It does get more enjoyable the more you understand it. I used to be terrible at math. I got placed in all the advanced courses when I got to high school and that's when I struggled. Luckily, my engineer father was having none of that ****, so he ended up tutoring me every night. He still helps me with my college assignments but just in physics now.


----------



## acidicwithpanic (May 14, 2014)

SPC said:


> If you want to make bank (and i mean bbbaaaaaaaaannnnkkkkkkk) turn your mathamatics skills into a statistics/data coding (like programs such as R or STATA which is built off equations) concentration. you will make 6 figures for the rest of your life in almost any white collar field you can think of if youre proficient with that stuff.


I do enjoy programming. Just not enough to consider it as a potential career sadly. Looks like I'm starving for the next 10 years.


----------



## tidbit (May 13, 2015)

acidicwithpanic said:


> It does get more enjoyable the more you understand it. I used to be terrible at math. I got placed in all the advanced courses when I got to high school and that's when I struggled. Luckily, my engineer father was having none of that ****, so he ended up tutoring me every night. He still helps me with my college assignments but just in physics now.
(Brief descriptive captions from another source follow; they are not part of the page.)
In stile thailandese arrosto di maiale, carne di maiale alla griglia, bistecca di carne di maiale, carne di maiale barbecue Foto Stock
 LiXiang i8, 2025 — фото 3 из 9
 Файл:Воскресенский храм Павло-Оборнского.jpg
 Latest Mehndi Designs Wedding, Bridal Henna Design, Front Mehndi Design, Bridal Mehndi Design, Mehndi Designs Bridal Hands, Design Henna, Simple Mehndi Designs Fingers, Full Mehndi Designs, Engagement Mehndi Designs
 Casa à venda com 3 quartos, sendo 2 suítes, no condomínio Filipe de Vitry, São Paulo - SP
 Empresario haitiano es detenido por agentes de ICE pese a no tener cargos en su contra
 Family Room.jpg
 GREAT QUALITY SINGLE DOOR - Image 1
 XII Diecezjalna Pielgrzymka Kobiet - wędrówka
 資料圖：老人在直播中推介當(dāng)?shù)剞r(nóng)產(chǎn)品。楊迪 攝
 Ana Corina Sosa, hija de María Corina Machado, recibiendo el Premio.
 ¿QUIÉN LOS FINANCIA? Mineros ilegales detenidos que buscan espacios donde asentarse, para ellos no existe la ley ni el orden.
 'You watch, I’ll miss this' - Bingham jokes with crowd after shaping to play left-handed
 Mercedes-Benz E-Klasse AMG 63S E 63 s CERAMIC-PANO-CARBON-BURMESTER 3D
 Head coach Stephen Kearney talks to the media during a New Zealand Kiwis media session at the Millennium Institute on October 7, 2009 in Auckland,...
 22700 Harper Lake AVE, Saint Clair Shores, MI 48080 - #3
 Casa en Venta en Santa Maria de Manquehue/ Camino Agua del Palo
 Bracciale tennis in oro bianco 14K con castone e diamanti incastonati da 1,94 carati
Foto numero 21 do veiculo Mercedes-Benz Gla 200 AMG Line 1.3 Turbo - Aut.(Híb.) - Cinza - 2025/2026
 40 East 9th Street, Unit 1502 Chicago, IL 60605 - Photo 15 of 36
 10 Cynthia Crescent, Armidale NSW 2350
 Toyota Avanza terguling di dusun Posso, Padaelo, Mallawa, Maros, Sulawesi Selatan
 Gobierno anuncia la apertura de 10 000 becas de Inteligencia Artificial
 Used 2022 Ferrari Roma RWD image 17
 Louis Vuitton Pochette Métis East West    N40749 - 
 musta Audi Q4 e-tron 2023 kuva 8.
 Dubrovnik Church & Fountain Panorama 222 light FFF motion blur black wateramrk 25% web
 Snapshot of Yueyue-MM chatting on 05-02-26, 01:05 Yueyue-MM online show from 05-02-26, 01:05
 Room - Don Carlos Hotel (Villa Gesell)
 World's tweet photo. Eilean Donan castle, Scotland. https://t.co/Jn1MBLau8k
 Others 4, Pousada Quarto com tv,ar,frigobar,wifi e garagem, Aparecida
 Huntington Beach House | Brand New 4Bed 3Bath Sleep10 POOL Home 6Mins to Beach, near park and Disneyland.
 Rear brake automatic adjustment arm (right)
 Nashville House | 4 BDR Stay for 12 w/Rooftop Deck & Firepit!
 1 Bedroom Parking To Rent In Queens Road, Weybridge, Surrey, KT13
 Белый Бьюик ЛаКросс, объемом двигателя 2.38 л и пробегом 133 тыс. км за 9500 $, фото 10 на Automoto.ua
I used to be really terrible at math. But then when I got to college I had some really great teachers who made it a pleasure to learn and understand math. That really makes all the difference. 
Are you taking calc-based physics? I have to take it in the Fall and I'm a little intimidated. Algebra-based was fine, but calc-based looks frightening.


----------



## twitchy666 (Apr 21, 2013)

generals

commanders

veterans


----------



## acidicwithpanic (May 14, 2014)

Yeah I already took it. It's required for my major and the calc involved is easy as hell. The only things about physics that I struggle with are understanding the concepts and memorizing equations. Plus, I just didn't care much for the subject, so I earned a grade below of what I was capable of.


----------



## acidicwithpanic (May 14, 2014)

Buckyx said:


> I am studying comp science and I have no idea how will I even apply for a job in this field, its fcked .. hope its not waste of time as even high school was "specialized" in comp science omfg
> I cant even do personal trainer if I wanted as I have problems with fat
> 
> 
> ...


Computer science isn't the first thing on my mind when I think of impractical majors. My dad double majored in aerospace engineering and comp sci. He now works as a systems manager and makes nearly six figures.


----------



## fedex0 (Jun 2, 2015)

Well I'm due to graduate near the top of my class soon in physics (also got published). There are jobs in industry but most of them appear as dull as dishwater. You can do a post-grad in engineering or computing, or finance etc.


----------



## fedex0 (Jun 2, 2015)

Buckyx said:


> I am studying comp science and I have no idea how will I even apply for a job in this field, its fcked .. hope its not waste of time as even high school was "specialized" in comp science omfg
> I cant even do personal trainer if I wanted as I have problems with fat  I am not fat now but I used to fat unsport child and its hard to get to low bf %s and so easy to high haha and with my physical injuries I doubt


If that's you in the avatar it looks like you have very low bf %.


----------



## acidicwithpanic (May 14, 2014)

fedex0 said:


> Well I'm due to graduate near the top of my class soon in physics (also got published). There are jobs in industry but most of them appear as dull as dishwater. You can do a post-grad in engineering or computing, or finance etc.


I could imagine that physics isn't so impractical as most people think it to be. My physics tutor is studying physics to become an engineer.


----------



## fedex0 (Jun 2, 2015)

acidicwithpanic said:


> I could imagine that physics isn't so impractical as most people think it to be. My physics tutor is studying physics to become an engineer.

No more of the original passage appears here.